The comic book annual has, in recent years, become an endangered species. Once an oversized, extra-length dose of the characters and concepts a reader could count on appearing once a year (or, you know, annually), the changing funny-book landscape has made them a less appealing proposition.

The rise of the graphic novel and trade paperback collections made "novel-length" adventures appearing in actual, off-the-rack comic books somewhat obsolete. The rising price of comics helped make annuals seem less practical; if a 20- or 22-page comic costs $2.99 or $3.99, a 48- or 56- or 64-page one would be prohibitively expensive. And with the shrunken market, it doesn't make sense for a publisher to release an additional, extra-long issue of almost every title in its line.

In recent years then, the annual has become something closer to a one-shot, with DC Comics in particular using the term to refer to a slightly longer than usual issue of a comic, and as a way of spotlighting a storyline or story event as something "important." Annuals were no longer line-wide, they didn't necessarily get published every year, and they weren't always standalone.

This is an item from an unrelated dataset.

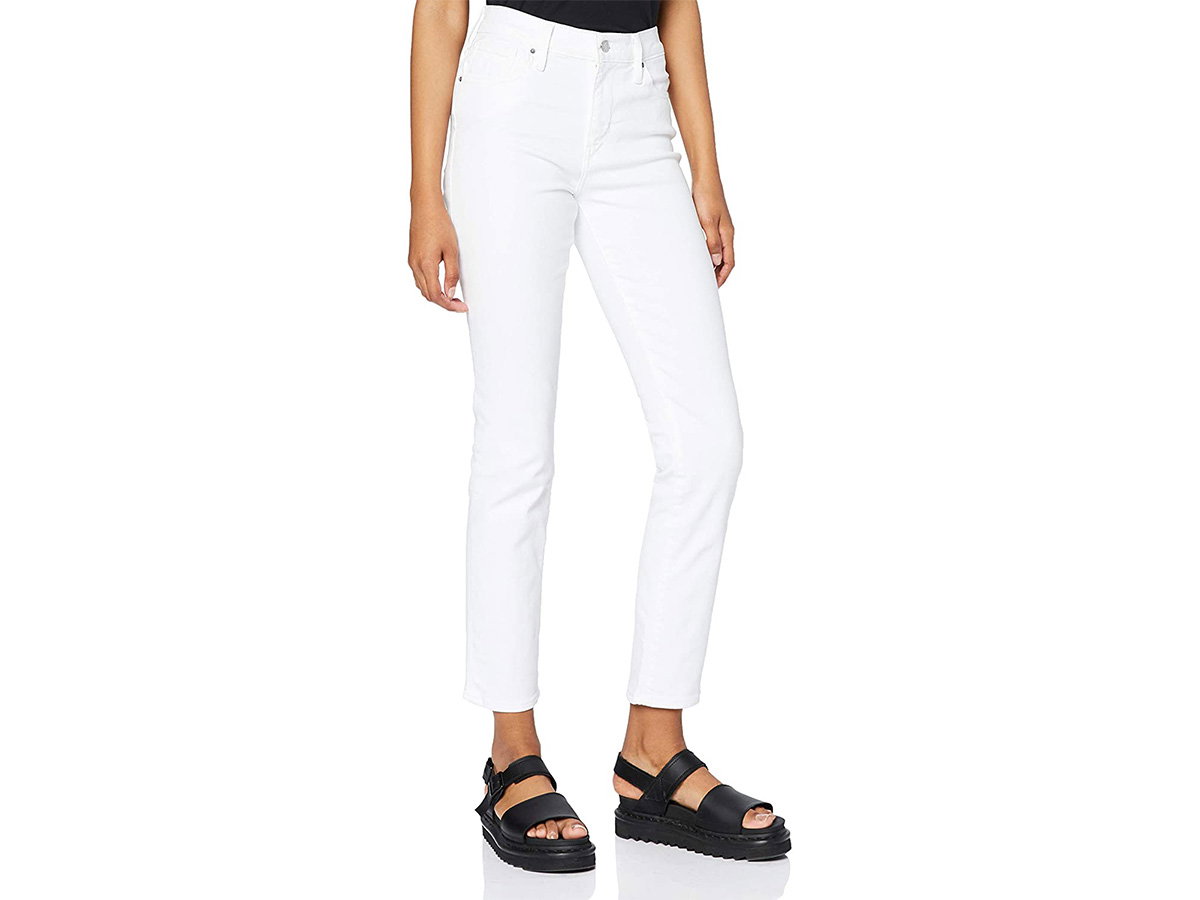 724 High Rise Straight Jeans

With the New 52, that's changed a bit — if nothing else, some of the line's books are publishing annuals annually now. This summer the publisher released five new annuals, each by the regular writer of the title, and each attached to one of the publisher's more popular series. They differ slightly in format, and aren't as big and epic as they used to be, but some of them certainly qualify as bigger doses of what readers might like about the regular series they're attached to.

So let's take a closer look at DC's summer annuals, shall we?



Animal Man Annual #2: Writer Jeff Lemire certainly deserves some credit for his work on Animal Man. Not only has he stayed on the title for about two years now, despite his steadily rising star in the constellation of DC writers, he also did his homework on Animal Man's past, plucking a character from very late in the previous,1988-1995  volume for use here. That would be Anansa, the Spider Queen, from Animal Man #81, during Jerry Prosser's run on the then-Vertigo title.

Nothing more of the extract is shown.